Le cinéma mexicain de 1940 à 1969
En partenariat avec le Locarno Film Festival, la Filmoteca de la UNAM, la Cineteca Nacional de México, sous la direction d’Olaf Möller et avec la collaboration du critique de films Roberto Turigliatto, la Cinémathèque suisse programme à la rentrée une rétrospective consacrée à trois décennies de cinéma mexicain (1940–1969).
Un spectacle quotidien
Le cinéma mexicain classique est une étrange non-entité dans le contexte international: nous avons généralement conscience de son étendue, mais nous ne savons pas grand-chose à son sujet. Trop souvent, il se réduit à quelques expressions et genres considérés comme exemplaires, quelques expressions à retenir: l'âge d'or, le nativisme révolutionnaire et le réalisme noir. Emilio Fernández et même Roberto Gavaldón, sans parler d'Alejandro Galido, Julio Bracho ou Juan Bustillo Oro demeurent assez largement méconnus, même si, pour chacun d'eux, il existe sans doute une paire de films projetés occasionnellement que l’on qualifie de chefs-d'œuvre. Mais les chefs-d'œuvre ne suffisent pas à faire une culture cinématographique. En réalité, ils sont l’arbre qui cache la forêt, cette dernière étant la façon dont les cinéastes accomplissent un travail artisanal avec grâce et sens artistique, tout comme le savoir accumulé par l'industrie et l'excellence des personnes travaillant dans ses différents départements qui peuvent porter un honnête artisan à un niveau d’excellence inespéré.

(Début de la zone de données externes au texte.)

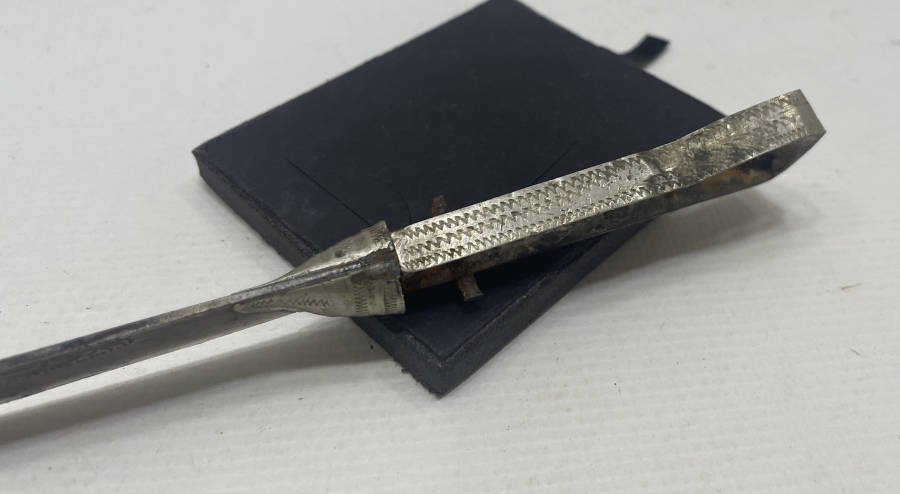 ÜZERİ OSMANLICA YAZILI ÇOK NADİR BABAKALE İŞİ KAMA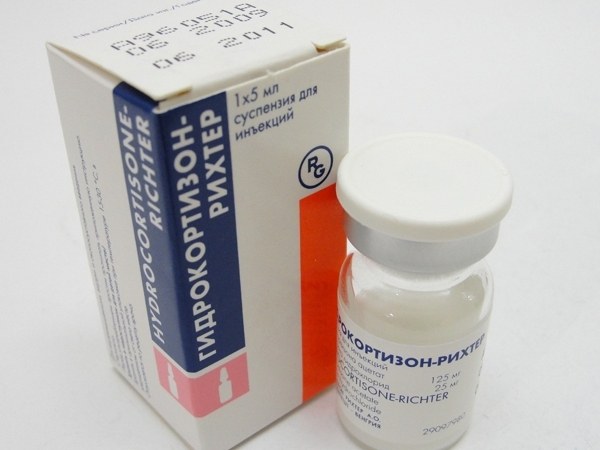 "Hydrocortisone": instructions for use 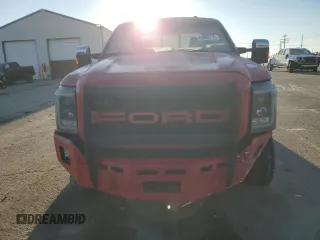2013 Ford F-350 XL с VIN 1FT8W3DTXDEA78155, выставлен на аукционе Copart как лот 42608715 с пробегом 203 696 миль миль и Списание • Salvage title. История ставок и продаж доступна на DreamBid. Изображение 5.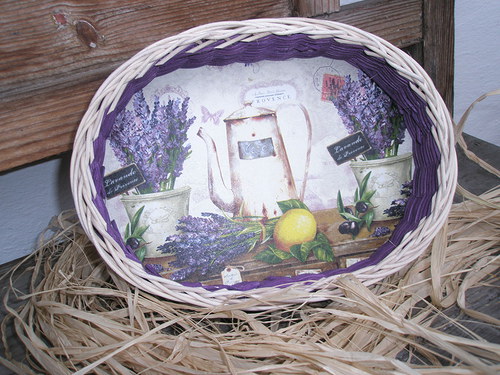 Podnos levandule — foto 1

En d'autres termes, les chefs-d'œuvre représentent le culte d'une personnalité exceptionnelle, généralement en délicatesse avec le système. Ce qui nous intéresse ici, c'est l'intelligence, la sensibilité et les étincelles créatives d’un groupe de personnes travaillant ensemble pour le plaisir et l'esprit du plus grand nombre. C'est grâce à elles que des joyaux décalés comme La corte de faraón de Julio Bracho (1944), El caso de la mujer asesinadita de Tito Davison (1955) ou La mente y el crimen d'Alejandro Galindo (1961) ont pu voir le jour. L'industrie est ainsi l’espace où non seulement des certitudes se sont vues confirmées (pour un temps...), où des personnages comme l'agent spécial 777 de Cantinflas ont été explorés avec profit (notamment dans El gendarme desconocido de Miguel Melitón Delgado, 1941), mais également où de nouvelles idées et des approches esthétiques inhabituelles ont pu se développer.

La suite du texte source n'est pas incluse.